### TASK DATA
- - - - -
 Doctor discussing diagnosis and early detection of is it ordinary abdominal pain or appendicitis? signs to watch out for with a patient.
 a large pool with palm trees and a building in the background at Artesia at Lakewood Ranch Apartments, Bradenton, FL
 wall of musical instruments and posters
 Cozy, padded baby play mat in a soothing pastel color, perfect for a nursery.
- - - - -
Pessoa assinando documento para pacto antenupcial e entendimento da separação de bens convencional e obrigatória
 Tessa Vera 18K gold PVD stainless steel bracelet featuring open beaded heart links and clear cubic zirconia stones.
- - - - -
### INSTRUCTIONS FOR THE TASK
With the first line being the one containing "Doctor discussing diagnosis" and the last line the one containing "Cozy, padded baby", transcribe exactly the lines above that fall in that range.

### RESULT BELOW
 Doctor discussing diagnosis and early detection of is it ordinary abdominal pain or appendicitis? signs to watch out for with a patient.
 a large pool with palm trees and a building in the background at Artesia at Lakewood Ranch Apartments, Bradenton, FL
 wall of musical instruments and posters
 Cozy, padded baby play mat in a soothing pastel color, perfect for a nursery.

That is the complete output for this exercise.